***** SOURCE INFORMATION *****

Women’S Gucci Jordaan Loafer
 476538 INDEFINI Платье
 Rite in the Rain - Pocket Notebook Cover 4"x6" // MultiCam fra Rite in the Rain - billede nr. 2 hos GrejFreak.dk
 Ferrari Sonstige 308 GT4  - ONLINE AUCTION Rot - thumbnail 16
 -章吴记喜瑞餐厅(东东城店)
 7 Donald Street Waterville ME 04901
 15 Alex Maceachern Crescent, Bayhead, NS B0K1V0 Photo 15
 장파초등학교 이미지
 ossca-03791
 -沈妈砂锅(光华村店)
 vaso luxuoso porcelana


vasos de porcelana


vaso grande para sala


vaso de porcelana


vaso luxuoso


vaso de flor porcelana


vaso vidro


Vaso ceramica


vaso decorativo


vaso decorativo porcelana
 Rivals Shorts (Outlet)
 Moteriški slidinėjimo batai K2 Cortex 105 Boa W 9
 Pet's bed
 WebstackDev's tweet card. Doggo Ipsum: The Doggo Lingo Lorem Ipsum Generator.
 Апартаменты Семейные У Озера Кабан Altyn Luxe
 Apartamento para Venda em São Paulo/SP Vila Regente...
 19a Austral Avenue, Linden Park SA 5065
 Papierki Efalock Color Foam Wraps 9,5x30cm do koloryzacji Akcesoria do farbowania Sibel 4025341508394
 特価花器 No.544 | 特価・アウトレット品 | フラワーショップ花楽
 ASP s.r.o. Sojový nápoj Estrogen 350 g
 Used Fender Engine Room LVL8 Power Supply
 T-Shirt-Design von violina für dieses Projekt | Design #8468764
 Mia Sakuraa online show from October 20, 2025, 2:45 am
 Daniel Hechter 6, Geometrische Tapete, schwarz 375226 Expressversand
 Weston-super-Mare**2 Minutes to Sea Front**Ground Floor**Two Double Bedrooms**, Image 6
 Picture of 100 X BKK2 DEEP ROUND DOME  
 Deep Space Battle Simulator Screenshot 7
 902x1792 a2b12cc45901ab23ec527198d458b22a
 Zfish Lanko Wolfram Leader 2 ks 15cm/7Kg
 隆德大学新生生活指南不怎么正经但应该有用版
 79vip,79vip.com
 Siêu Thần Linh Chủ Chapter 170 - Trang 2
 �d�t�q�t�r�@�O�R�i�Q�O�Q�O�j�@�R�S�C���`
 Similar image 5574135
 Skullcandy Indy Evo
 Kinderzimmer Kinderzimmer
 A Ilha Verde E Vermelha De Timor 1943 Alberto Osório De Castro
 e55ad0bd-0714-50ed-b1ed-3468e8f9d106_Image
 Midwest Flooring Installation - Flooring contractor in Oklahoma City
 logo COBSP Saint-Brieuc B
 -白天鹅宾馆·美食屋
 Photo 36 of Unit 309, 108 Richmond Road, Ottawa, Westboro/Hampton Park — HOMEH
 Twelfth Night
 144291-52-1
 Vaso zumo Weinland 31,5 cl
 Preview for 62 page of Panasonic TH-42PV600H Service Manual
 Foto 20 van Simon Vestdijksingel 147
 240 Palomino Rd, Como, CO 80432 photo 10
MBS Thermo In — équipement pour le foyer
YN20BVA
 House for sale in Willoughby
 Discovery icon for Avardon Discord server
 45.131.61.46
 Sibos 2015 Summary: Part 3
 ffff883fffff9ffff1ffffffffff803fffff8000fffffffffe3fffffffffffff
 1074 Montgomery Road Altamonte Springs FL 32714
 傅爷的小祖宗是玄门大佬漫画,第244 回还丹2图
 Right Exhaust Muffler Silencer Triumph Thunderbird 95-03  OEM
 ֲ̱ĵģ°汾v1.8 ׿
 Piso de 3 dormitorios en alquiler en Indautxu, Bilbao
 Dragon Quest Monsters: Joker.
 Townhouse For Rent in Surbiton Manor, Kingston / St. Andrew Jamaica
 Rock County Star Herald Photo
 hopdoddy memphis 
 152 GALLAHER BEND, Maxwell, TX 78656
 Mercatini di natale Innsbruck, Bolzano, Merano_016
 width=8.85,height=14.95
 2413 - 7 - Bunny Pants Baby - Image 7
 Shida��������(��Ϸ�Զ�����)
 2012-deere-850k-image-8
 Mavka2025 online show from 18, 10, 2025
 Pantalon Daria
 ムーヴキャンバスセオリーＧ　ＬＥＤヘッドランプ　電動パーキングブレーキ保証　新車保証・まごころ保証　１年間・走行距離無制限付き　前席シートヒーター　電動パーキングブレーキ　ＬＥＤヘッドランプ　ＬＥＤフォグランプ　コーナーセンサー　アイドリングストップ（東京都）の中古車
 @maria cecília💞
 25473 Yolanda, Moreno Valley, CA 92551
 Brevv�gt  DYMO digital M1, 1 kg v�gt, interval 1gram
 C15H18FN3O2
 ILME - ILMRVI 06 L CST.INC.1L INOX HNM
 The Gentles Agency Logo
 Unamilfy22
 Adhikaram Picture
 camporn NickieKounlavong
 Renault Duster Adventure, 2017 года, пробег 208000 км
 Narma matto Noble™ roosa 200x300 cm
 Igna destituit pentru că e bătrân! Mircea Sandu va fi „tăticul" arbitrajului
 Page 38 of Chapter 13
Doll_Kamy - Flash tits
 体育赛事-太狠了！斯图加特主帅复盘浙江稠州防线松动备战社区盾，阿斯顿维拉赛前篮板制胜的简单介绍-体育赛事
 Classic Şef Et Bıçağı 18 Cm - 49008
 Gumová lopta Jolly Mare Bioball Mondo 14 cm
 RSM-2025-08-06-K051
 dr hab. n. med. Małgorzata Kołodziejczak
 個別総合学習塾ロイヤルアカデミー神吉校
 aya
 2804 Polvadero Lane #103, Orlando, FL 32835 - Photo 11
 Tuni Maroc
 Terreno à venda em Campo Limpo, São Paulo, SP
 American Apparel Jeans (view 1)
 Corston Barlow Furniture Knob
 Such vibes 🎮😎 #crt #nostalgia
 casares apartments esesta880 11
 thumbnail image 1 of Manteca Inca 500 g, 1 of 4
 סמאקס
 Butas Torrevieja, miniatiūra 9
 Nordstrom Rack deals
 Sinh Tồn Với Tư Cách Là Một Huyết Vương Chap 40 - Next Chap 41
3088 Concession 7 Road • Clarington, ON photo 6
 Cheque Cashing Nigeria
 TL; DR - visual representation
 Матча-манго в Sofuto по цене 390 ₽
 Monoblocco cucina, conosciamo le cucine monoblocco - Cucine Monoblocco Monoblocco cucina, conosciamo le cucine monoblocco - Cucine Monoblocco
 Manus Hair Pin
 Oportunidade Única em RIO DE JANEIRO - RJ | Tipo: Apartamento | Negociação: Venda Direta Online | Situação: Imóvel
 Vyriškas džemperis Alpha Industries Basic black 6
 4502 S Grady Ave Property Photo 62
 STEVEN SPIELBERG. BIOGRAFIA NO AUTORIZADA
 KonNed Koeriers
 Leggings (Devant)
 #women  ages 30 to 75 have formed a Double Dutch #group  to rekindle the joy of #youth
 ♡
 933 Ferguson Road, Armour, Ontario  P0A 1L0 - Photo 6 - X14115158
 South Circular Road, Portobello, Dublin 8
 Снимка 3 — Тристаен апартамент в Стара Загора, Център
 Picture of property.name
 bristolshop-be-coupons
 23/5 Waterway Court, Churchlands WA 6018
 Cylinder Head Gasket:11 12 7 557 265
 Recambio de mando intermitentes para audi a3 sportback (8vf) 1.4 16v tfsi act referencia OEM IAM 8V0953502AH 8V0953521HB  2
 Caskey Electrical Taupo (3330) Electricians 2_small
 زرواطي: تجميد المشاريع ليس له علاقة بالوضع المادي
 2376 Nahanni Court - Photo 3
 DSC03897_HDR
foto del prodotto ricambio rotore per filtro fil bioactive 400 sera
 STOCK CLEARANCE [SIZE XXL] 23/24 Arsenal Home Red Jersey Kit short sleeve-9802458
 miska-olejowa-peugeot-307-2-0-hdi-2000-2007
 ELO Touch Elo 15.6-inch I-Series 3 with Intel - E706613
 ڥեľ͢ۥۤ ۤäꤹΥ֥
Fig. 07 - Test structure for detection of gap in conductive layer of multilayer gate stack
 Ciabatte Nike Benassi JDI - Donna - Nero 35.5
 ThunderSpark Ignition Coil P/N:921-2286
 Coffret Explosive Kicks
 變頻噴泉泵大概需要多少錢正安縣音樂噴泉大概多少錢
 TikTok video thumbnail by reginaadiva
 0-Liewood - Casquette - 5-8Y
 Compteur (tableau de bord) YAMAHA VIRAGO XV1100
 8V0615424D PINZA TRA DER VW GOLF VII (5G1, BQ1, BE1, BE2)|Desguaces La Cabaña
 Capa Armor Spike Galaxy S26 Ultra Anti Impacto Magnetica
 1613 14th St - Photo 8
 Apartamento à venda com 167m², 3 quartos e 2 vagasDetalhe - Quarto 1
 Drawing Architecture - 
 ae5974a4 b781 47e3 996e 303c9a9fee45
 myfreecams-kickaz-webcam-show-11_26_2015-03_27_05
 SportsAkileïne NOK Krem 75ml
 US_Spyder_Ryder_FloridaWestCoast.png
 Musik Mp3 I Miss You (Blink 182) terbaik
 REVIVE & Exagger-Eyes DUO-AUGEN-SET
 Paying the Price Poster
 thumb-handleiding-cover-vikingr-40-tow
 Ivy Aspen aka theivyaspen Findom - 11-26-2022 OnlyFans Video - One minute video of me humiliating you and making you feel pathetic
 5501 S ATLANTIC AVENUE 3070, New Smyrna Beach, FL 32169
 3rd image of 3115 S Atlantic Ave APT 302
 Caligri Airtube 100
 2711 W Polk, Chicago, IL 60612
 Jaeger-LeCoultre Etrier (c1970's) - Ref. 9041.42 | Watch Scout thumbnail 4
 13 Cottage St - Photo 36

*****

TASK GOAL
Copy out, from the records above, every line that holds the string "Chapter".

YOUR SOLUTION
 Siêu Thần Linh Chủ Chapter 170 - Trang 2
 Page 38 of Chapter 13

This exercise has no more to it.